Prevedibile come un peto al mattino, non ha una sola scena, un solo passaggio che non si possa anticipare senza provare una sensazione di fastidio. E questa devastante banalità fa tanto più paura - a chi vi scrive - se si pensa a quanto scontato possa essere lo sviluppo della trama (trama?...) e l'uso dei personaggi.

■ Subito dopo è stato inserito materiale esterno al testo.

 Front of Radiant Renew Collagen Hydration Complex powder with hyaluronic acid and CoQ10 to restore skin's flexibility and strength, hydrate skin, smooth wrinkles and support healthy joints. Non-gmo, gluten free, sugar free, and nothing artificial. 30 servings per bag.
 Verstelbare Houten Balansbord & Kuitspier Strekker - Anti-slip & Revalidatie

E i dialoghi, stupidi, insulsi, che ritroveremmo in ogni diarietto di giovinetta sognante e non ancora svezzata, sono il degno corollario ad un film che invece di raccontare una storia, mette insieme una sequenza di siparietti miseramente già visti: padre gggiovane e vedovo, però brillante borghese e affermato nella professione - mica una mer.da qualsiasi -, ma col vuoto nella vita privata, sull'orlo della disperazione, che incontra casualmente nel parco, ma va!..., e poi nel supermercato, la gggiovine tellurica sbarazzina che lo fa emozzzionare di nuovo e blablabla... e i ricordi di chi non c'è più e il passaggio di consegne nel quadro affettivo del povero - sti*****! - paparino colpito da immane tragggedia. Il discorsetto finale di papà premuroso alla batuffolosa Sofia, summa (simbolica) della mediocrità concettuale e culturale di questa operazione, ma anche dei protagonisti/autori/destinatari ideali dell'opera, è uno dei momenti più inquietanti di tutto il film. Roba che "Tre metri sopra il cielo" era pure più sincero nel suo destino pro(to)adolescenziale.

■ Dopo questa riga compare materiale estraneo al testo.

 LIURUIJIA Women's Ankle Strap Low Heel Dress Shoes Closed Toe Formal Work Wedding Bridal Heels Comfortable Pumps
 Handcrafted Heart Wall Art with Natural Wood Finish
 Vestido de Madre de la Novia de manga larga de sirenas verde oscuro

A dare il volto - un po' idiota - al giovane papà protagonista è Luca Argentero, che non a caso viene da quella televisione simbolo e specchio di un universo culturalmente devastato. In fondo, per quella parte, in quel film, ci sta benissimo: è quello il mondo, appunto, che si vuol raccontare, quello è il target che si vuole raggiungere.

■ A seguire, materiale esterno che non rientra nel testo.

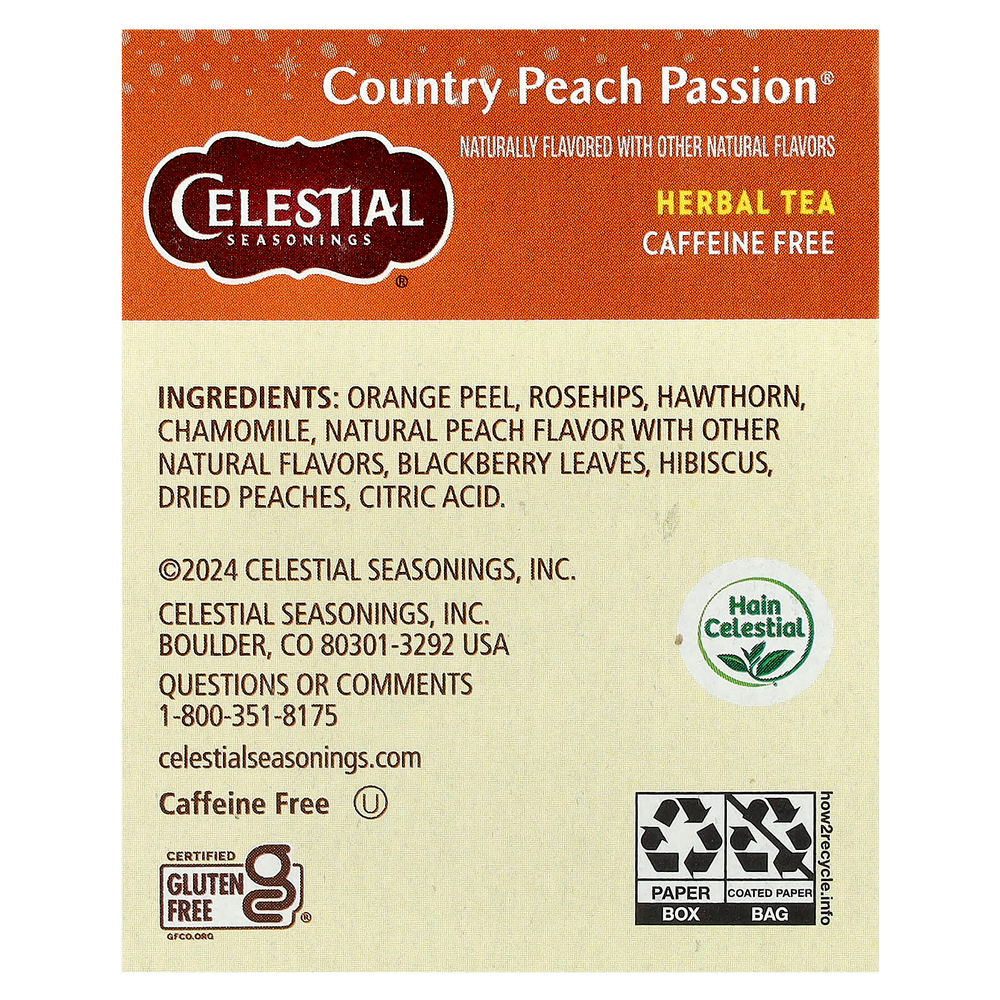 Celestial Seasonings, травяной чай, Country Peach Passion, без кофеина, 20 чайных пакетиков, 41 г (1,4 унции)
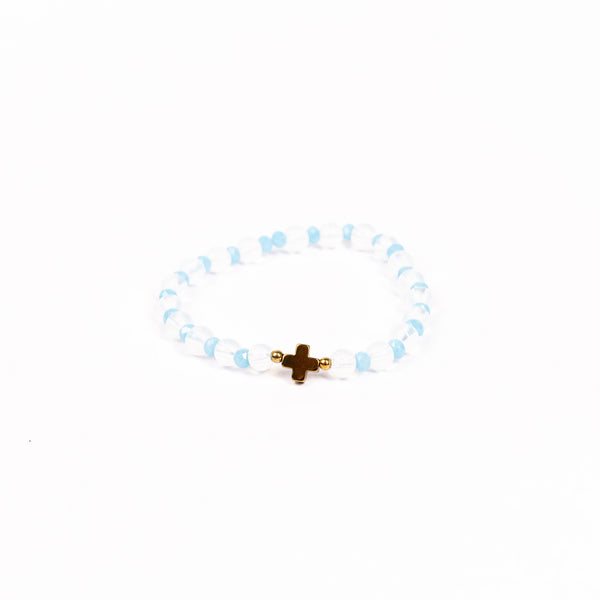 Brǎțarǎ elastic cu cruce aurie hematit.  OT08-179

Diane Fleri, insopportabile dal vivo, riesce molesta anche in scena. La sua parte è quella di una ragazza emancipata (wow, che fig.ata!...) che dalla Francia viene a fare la ricercatrice in Italia (ma pensa, di solito sono i ricercatori italiani a scapparsene all'estero) ed è tutta sbarazzina, alternativa (come non amarla! tzè...), e per dimostrarci la sua alternatività (gli autori, non lei, poverina) vive in una casa disastrata ('na villetta in una zona residenziale altoborghese, però eh, mica un tugurio a Porta Palazzo, non sia mai...), fa pure a mano i cappellini freakkettoni (addirittura!) e per questo è vista con sospetto - ma non più di tanto, che semo tutti bboni - dagli amici perbene. Questo è il massimo che viene concesso all'estetica "naive" extra-borghese. (Che poi, dopotutto, tranquillizziamoci, pure Camille/Diane Fleri è figlia di un'imprenditore, mica di un'operaio qualsiasi).
Claudia Pandolfi, pace all'anima sua, è costretta a fare la morta.
E poi, l'amico casinista, l'amico gay (che ci sta sempre, ebbeh, siamo una società aperta), l'amica isterica (perché aviopriva) sfi.gata - e ingrifata -, che poi tanto si sistema con l'amico sfi.gato e casinista.
Ambientato in una Torino senza odori e senza differenze socioculturali, borghese nell'accezione più ideologicamente negativa del termine, "Solo un padre" è un film - oserei dire - funereo, esempio di cinema di cadaveri, o di fantasmi, come quello della moglie defunta del gggiovane protagonista, gggiovane e borghese rampante pure lei, ma - uh! - sfortunata (per fortuna, invece, vien da dire, la sfi.ga ogni tanto è democratica). La presenza del cadavere (leggasi "flashback", per i meno dotati d'ironia) della moglie serve a spiegare ai decerebrati che un tempo c'è stato un rapporto tra la defunta e il vedovo, proprio come avviene nelle più becere fiction televisive. Beata sottrazione, dove sei finita? Per fortuna doveva essere un film impegnato.... figuriamoci! L'unico cadavere, l'unico fantasma che qua intorno si aggira è quello del cinema, ahimè!
Sofia, scappa, drogati pure, qualsiasi cosa, ma sii migliore almeno tu.